A Royal Marriage and Love Triangle
In his teens, Count Hans Axel von Fersen (1755 – 1810) went on a grand tour of Europe, and in 1774 he arrived in France. The count, two months older than Marie Antoinette, met the future queen at a ball when they were both nineteen-years-old and she was the Dauphine, or French Crown Princess. Both liked what they saw. For the Dauphine, the contrast was stark between the handsome youth and her schlub of a husband whom she had tied the knot with in a marriage of state, the future Louis XVI. A few years later in 1778, von Fersen was back in France, and Marie Antoinette, who by then was queen, had not forgotten the handsome Swede. She often inquired about him, and pouted when he missed some of her parties, informal affairs held in her private chateau on the grounds of Versailles, the Petit Trianon.

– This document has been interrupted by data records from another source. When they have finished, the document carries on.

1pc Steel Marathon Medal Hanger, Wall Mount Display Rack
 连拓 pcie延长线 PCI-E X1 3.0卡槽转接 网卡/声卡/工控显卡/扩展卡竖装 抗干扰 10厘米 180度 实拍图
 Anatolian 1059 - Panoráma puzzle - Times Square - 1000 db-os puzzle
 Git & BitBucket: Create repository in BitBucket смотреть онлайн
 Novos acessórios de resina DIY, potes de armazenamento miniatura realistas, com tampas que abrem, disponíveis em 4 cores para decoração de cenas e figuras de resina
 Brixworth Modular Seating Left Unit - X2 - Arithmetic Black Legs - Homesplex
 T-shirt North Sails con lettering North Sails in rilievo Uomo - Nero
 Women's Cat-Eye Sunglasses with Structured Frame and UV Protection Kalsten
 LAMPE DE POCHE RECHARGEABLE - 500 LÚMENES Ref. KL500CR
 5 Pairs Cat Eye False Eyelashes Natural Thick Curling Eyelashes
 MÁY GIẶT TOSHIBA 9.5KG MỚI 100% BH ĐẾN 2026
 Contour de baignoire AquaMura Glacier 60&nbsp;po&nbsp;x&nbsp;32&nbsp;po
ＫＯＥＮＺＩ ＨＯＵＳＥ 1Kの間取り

He wrote in his diary entry for November 19th, 1778: “The queen treats me with great kindness; I often pay her my court at her card-games, and each time she makes to me little speeches that are full of good-will. As someone had told her of my Swedish uniform, she expressed a wish to see me in it; I am to go Thursday thus dressed, not to Court, but to the queen’s apartments. She is the most amiable princess that I know“. Von Fersen kept much of his correspondence with Marie Antoinette. It contained no proof of a love affair. However, we now know that is because he had censored and altered a lot of it before he died. Scientists recently subjected some of the letters exchanged between the count and queen to X-ray fluorescence, which revealed what had been originally written.